The number of refugee children being accepted in the UK has fallen from 3,000 to 350 following a recent decision on behalf of the UK government to halt the Dubs Scheme.

During yesterday's Brexit debate, the Home Office announced the scheme's early closure, arguing the programme could “incentivise” children to travel to Europe.

Yvette Cooper, Labour’s refugee task force spokesperson, said this morning in Parliament: "Once those 350 children are here, that’s it, it is closed. Where does it say in the Hansard debate that I have here from our debates in the Dubs amendment that we will only help lone child refugees for less than six months.

Where does it say that instead of the 3,000 that Parliament debated we will only help a tenth of that number?"

“Where does it say that when we get the chance we will somehow turn our backs once again. It doesn’t because we didn’t say that at the time.

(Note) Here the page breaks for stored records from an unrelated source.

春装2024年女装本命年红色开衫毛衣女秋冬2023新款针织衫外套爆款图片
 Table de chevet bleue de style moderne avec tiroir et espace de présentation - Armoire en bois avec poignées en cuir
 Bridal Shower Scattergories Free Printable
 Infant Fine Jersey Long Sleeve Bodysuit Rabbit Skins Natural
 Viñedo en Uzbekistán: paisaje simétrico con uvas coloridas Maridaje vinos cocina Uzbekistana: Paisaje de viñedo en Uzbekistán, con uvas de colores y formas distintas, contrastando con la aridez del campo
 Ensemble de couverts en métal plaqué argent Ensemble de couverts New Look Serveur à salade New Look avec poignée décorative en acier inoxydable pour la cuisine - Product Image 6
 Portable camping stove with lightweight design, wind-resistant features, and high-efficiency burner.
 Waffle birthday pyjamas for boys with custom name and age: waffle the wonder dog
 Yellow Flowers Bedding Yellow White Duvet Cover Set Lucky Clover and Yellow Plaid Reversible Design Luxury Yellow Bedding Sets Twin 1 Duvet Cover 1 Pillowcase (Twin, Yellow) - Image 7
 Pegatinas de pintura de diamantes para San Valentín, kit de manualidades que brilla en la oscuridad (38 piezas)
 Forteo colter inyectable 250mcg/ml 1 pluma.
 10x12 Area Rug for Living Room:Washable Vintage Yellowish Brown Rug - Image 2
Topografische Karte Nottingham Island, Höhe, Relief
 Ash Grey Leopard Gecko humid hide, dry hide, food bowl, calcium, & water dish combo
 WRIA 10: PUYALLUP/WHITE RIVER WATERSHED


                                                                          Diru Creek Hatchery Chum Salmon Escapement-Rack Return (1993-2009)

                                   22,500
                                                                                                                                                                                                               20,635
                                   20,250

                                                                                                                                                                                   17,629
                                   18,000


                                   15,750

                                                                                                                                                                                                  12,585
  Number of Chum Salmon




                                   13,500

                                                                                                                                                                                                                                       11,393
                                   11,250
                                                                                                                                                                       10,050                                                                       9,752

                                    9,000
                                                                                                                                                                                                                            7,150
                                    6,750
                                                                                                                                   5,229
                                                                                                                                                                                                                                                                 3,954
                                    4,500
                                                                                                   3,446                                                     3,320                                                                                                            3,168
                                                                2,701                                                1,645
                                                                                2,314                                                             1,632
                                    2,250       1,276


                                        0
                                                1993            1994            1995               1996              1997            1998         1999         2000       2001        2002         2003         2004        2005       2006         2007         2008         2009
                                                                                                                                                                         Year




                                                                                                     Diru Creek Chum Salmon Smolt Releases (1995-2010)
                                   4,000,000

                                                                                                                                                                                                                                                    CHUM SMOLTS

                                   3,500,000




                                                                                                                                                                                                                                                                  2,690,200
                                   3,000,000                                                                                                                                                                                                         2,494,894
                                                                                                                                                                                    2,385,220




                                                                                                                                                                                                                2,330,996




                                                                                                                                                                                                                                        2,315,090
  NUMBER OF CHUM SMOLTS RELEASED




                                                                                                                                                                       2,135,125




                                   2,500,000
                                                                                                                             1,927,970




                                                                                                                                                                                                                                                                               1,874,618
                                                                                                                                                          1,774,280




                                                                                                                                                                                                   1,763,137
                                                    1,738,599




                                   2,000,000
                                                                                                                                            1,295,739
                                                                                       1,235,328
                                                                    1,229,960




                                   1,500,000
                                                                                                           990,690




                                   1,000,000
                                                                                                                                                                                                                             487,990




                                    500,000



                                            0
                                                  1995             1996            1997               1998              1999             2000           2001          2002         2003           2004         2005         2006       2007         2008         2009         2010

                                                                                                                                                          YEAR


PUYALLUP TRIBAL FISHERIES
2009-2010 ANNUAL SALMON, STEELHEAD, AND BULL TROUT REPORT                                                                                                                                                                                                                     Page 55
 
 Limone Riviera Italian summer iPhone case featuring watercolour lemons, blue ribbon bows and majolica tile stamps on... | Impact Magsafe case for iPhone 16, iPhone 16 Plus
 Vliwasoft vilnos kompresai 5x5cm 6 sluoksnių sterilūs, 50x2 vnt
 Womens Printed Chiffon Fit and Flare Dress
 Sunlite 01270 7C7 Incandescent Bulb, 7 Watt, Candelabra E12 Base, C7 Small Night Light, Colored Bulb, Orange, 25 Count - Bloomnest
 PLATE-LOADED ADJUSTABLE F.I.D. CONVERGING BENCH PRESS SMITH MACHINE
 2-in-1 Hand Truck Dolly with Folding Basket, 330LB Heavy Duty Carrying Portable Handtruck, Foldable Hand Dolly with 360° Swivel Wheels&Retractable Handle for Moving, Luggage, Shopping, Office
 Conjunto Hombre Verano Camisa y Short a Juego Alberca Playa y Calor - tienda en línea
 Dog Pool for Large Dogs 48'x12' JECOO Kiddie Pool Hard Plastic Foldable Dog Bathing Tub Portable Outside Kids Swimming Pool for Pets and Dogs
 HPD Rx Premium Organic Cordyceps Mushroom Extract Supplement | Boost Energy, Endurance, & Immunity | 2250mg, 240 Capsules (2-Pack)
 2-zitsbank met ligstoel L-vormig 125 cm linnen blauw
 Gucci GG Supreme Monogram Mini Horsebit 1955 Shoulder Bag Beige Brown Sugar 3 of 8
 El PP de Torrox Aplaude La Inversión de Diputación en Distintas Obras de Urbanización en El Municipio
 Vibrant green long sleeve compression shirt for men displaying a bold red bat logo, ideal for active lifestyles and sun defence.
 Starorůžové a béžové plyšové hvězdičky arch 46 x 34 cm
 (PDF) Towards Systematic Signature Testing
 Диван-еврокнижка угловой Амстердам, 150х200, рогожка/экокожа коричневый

The Home Secretary knows what she is doing is shameful,” she added.

Amber Rudd MP and home secretary continued to claim "the scheme is not closed."

Back to the Jungle

In light of the construction of "the great wall of Calais," all refugee children refused entry to the UK will be sent back to the jungle camp, infamous for its dangerous conditions.

With temperatures hitting below freezing in the winter, there has been many cases of unaccompanied minors going missing, and starving or freezing to death.

Reports have also claimed the camp is infested with rats and contaminated with faeces, causing the residents to contract deadly diseases such as tuberculous.

Shadow Home Secretary Diane Abbott said: “The worst thing about this Government’s failure to step up to the totality of the refugee crisis is the children.

“How does she [Rudd] live with herself leaving thousands of children, subject to disease, people trafficking, squalor and hopelessness?”

What is the Dubs Amendment?

The Amendment was initiated by Lord Dubs, a former holocaust survivor, who pushed for the government to accept more child refugees and asylum seekers under the age of 15, from war-torn countries such as Syria and Afghanistan.

Despite promising to enforce the law, the government have reportedly scrapped the scheme.

Lord Dubs said he will challenge the "bitterly disappointing" termination of his amendment against the UK's immigration act.

Many MP's have named and shamed the decision as "letting the country down by refusing to help children fleeing war and genocide."